However, in this article I am more interested with areas in which I think the movement is at odds with the political theory and practice of anarchism. The constrictions on the world-view of the free software community are often very real, as we will see in what follows.
Although the anti-capitalist movement in general has at least a basic awareness of free software, the more traditional left seems to be largely ignorant of it [2]. There is, however, a small German group called Oekonux who seek to understand the phenomenon using Marxist analysis. They look forward to a "GPL society" and see free software as a "germ" in capitalist society; part of "an objective historical process" that will lead to "the generalisation of the principles of free software to the whole of the productive social progress [sic]". Thus: true communism via the rules of free software [3].
Although some of this group's analysis is interesting and makes some valid points, its central thesis of a "GPL society" is essentially vacuous.

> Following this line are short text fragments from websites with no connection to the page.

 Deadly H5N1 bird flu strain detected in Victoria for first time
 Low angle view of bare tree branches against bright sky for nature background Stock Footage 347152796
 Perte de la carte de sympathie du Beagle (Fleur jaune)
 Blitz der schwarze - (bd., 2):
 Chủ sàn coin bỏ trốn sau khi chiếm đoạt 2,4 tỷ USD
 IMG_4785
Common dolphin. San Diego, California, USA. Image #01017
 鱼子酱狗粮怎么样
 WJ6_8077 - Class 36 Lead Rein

People who have computers and the internet can share free software precisely because it costs practically nothing to do so. The same can not be said of food, shelter or heating. Even if computers and the internet were anywhere near being equally spread around the world one could still not defy the laws of physics with nothing more than a Marxist historical analysis.

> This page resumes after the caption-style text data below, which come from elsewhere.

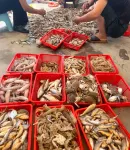 Cangnanhai Juke Seafood Building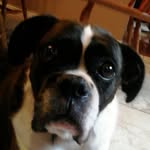 page brown - @pageybrownie - Instagram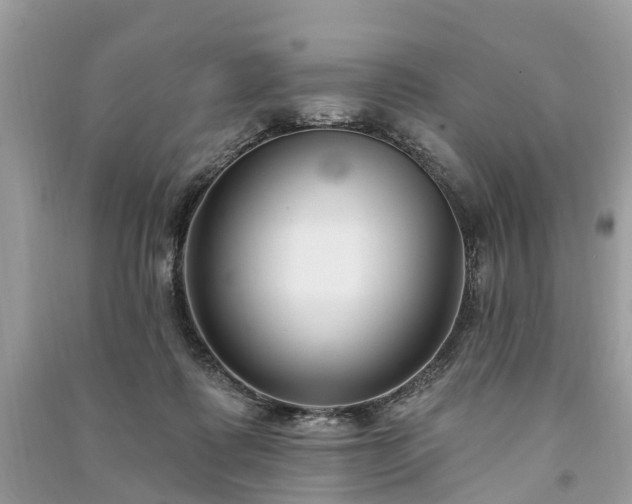 X0000091000315200708091545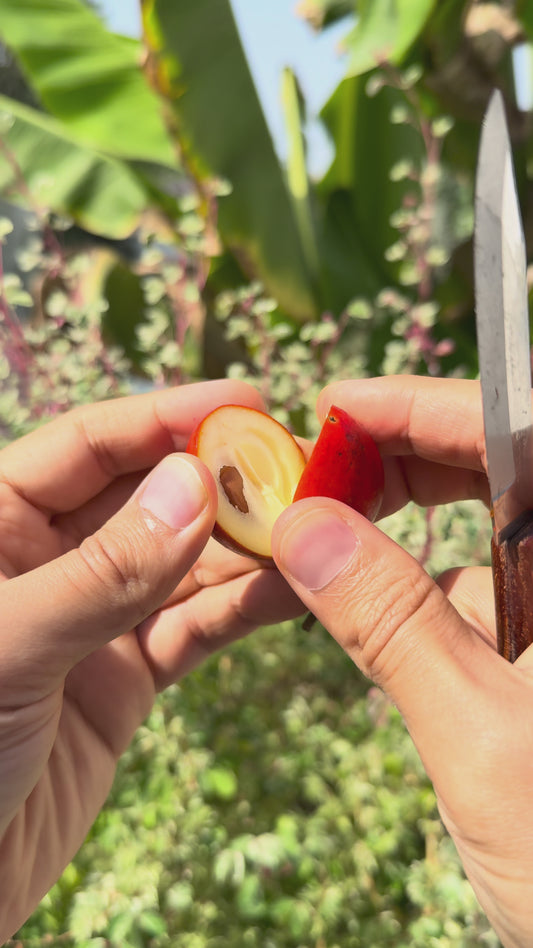 Spanish Cherry / Bullet Wood - FRESH FRUIT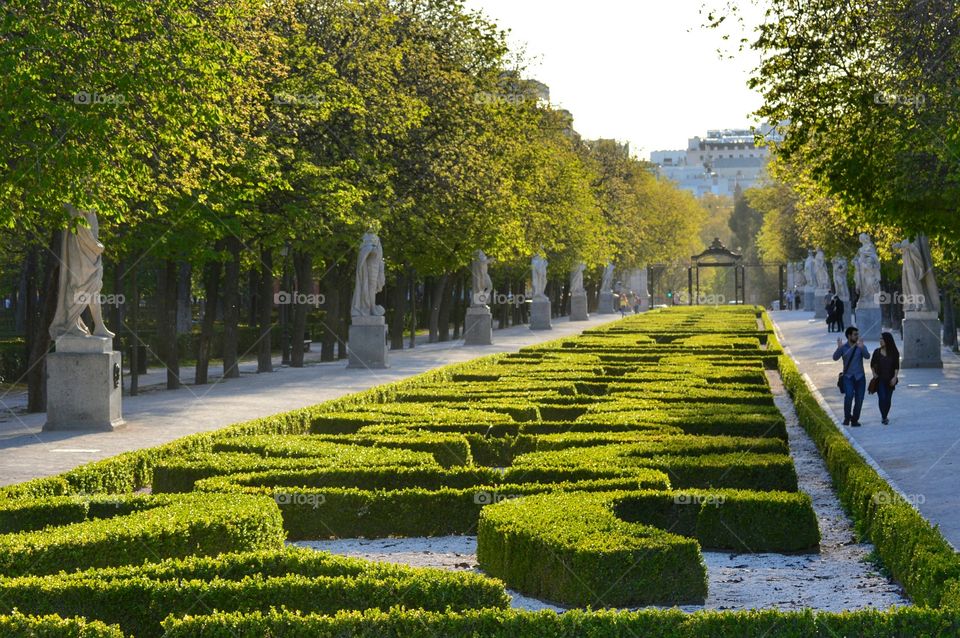 A walk in the park. Couple walking in Retiro Park, Madrid, Spain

Of course, the left is not a homogeneous mass; some seem to have a more realistic view. For example, in an article from the New Left Review: "[although] the free exchange of software has led some commentators to compare the online gift economy with the ceremony of potlatch, in which people bestow extravagant presents, or even sacrifice goods, to raise their prestige, it fundamentally differs in that the copying and distribution of software is almost cost-free -- at least if one excludes the large initial outlay for a computer and networking facilities" [4].
Free software is often said to be a great equaliser. Everyone has the same right to use, study and modify it, due to the freely available source code and the legal provisions in free software licenses such as the GNU GPL. This is a fine concept in theory. When we look at the world in a wider context, however, we start to see the same old problems of inequality and domination. Software freedoms are, by definition, restricted to those who have the physical facilities to make use of them: an electricity supply and a computer. Furthermore, an internet connection is required to communicate and to share. Computers are luxuries if seen in a global context.

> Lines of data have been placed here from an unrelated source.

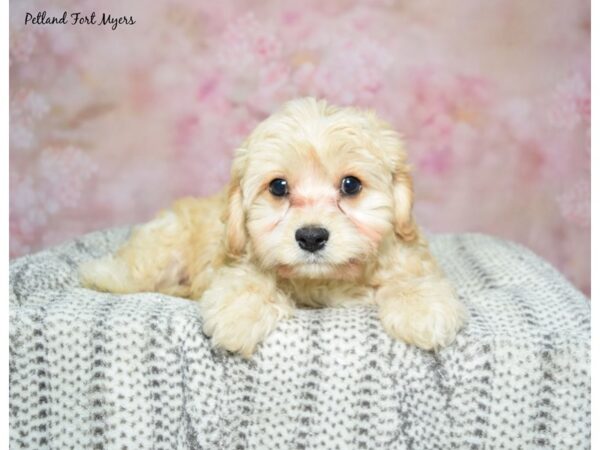 Cavachon-Dog-Female-Apricot-23091-Petland Fort Myers, Florida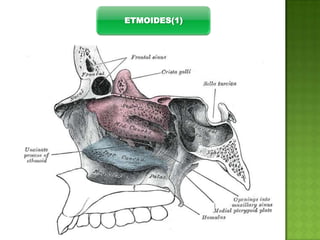 ETMOIDES(1)

 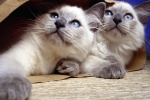 Siamese cat pictures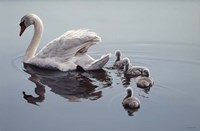 Following Mama Fine Art Print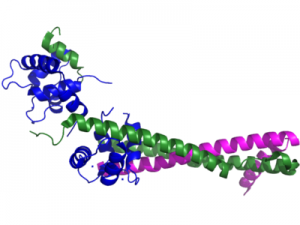 <span class="entry-title-primary">Cardiac Troponin market Insight, Analysis and Market Forecast</span> <span class="entry-subtitle">Global Cardiac Troponin market Report</span>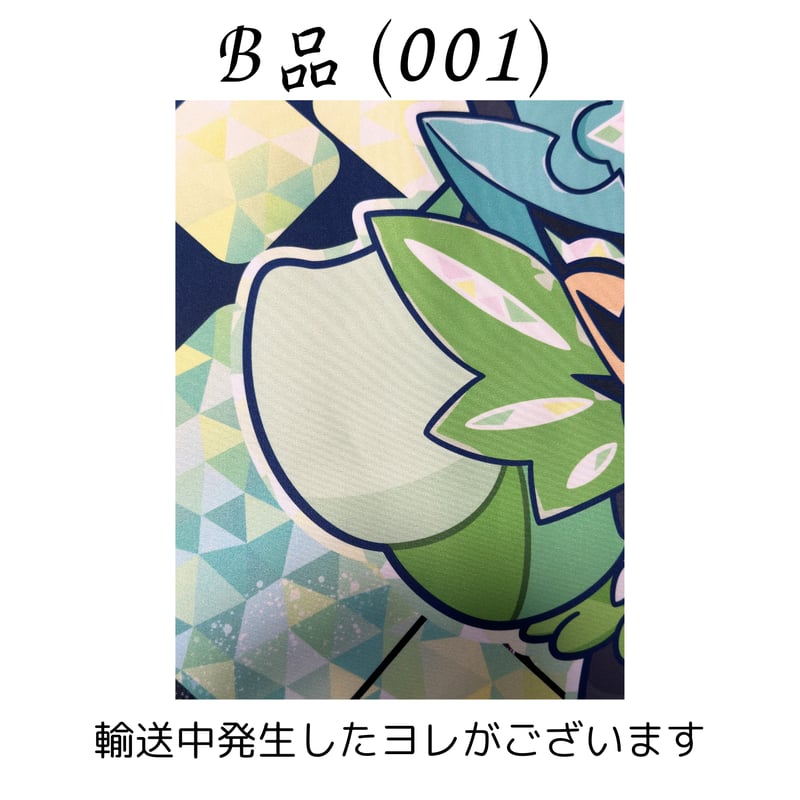 ポケモンカード 2025 Europe International Championships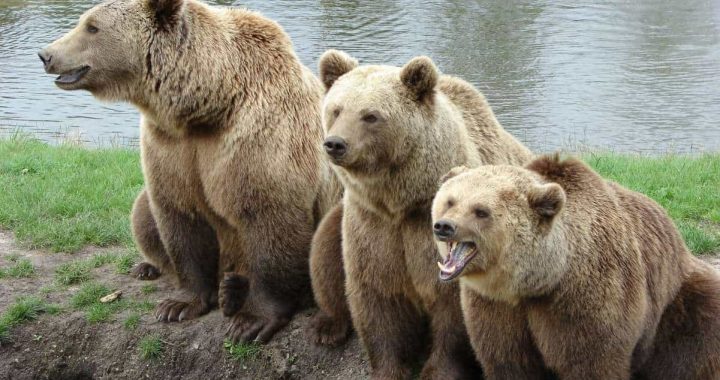 CryptoQuant Breaks Down Current Bear Market Signals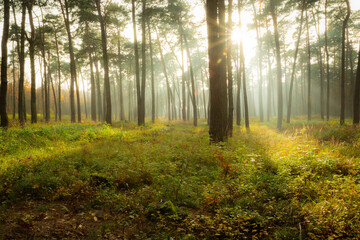 Glow of the sun in a foggy autumn forest, Chelm, Poland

Looking at global figures of access to basic ICT facilities, the scale of the disparity is surprising. There are several good studies looking at global telecommunication and computer access figures, but I will use the latest UN Human Development Report as my main statistics base (incidentally this report gives some of the more optimistic figures I have seen) [5]. In 2001 there were only 169 telephone mainlines for every 1000 people around the world. This is a rise from 98 lines per 1000 people in 1990. A 1999 investigation by a BBC Online journalist put it this way: "more than 80% of people in the world have never heard a dial tone, let alone sent an email or downloaded information from the... web" [6]. In 1995 South Africa's President (then Deputy President) Thabo Mbeki said: "The reality is that there are more telephone lines in Manhattan, New York, than in sub-Saharan Africa" [7]. According to Black this was an understatement: "the situation is even worse in Africa [than in Asia]. With 739 million people, there are only 14 million phone lines. That's fewer than in Manhattan or Tokyo. Eighty percent of those lines are in only six countries" [8].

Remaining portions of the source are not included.